Wysłany:
2012-07-07, 13:31
, ID:
1245887
6
Zgłoś
Pierdolicie jak potłuczeni. Przeraża mnie to, jak pomniejsza się znaczenie tragedii, jaką niewątpliwie była II wojna światowa. Chodzi mi także o Auschwitz. Mówi się, że, kiedy narody zapominają o tak wielkich tragediach, są skłonne je powtórzyć. Dla mnie to chore, że już roczniki '90 traktują IIws jak jakieś dziwne, niewyjaśnione i fascynujące zdarzenie w naszej historii. Jak można dzielić ludzi, którzy zginęli na Żydów, Ormian, Cyganów, Polaków itd.?! Jakim trzeba być kretynem i dnem, żeby mówić, że Auschwitz było be, ale Żydom to nie należało?

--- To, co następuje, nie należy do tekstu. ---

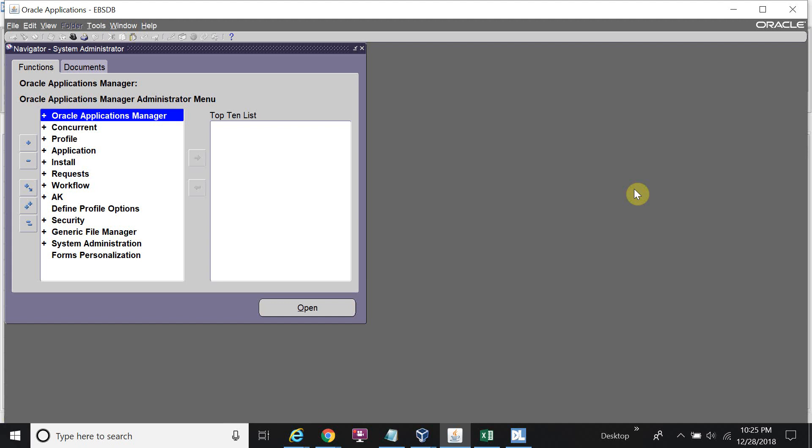Each time you have to set all the mandatory profile options manually. The data loader will make your life very easy. Once you start the data loader it will set the profile options very fast. I will set the profile option for HR Security Profile, MO Operating Unit, and GL. I will not set HR Business Group because once I set the HR Security Profile the same will be copied to HR Business Group.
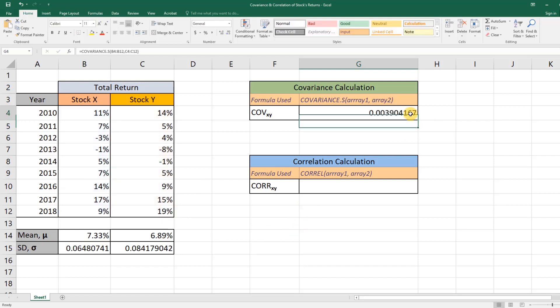All right, we have a positive covariance between Stock X and Stock Y's returns. Now to calculate correlation...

Bezpośrednim przełożonym mojej prababci w Oświęcimiu był właśnie Mengele - którego wspomniała raz, bo tylko raz opowiedziała o tym, co ją spotkało. Nigdy nie chciała do tego wracać. Wywieźli ją do obozu po wielu śledztwach, przesłuchaniach, nalotach Gestapo w domu i szpitalu. Wszystko przez to, że, jako ordynator oddziału zakaźnego w Toruniu (kto był na Bielanach: to ten budynek po lewej stronie, nie pamiętam, co tam teraz jest, chyba urazówka), przetrzymywała w podziemiach polskich żołnierzy. Udzielała im także medycznej pomocy, ryzykując życiem - swoim, swojej matki i dwóch małych córek. Wywieźli ją nie jako zwykłą więźniarkę, ale lekarza. Miała za zadanie leczyć właśnie te zarażone przez Mengelego kobiety. Potem zorganizowała i przeprowadziła ucieczkę około 40 Polek z obozu. Ona jednak mówiła co innego o Mengelem: to był prawdziwy sadysta, jakiego nigdy wcześniej nie spotkała. Potrafił uderzyć na krzywe spojrzenie, krzyczał i poniżał - na zmianę z okresami, kiedy był do bólu szarmancki. To był psychopata, którego nikomu nie wolno usprawiedliwiać, jak choćby robi to emka1990.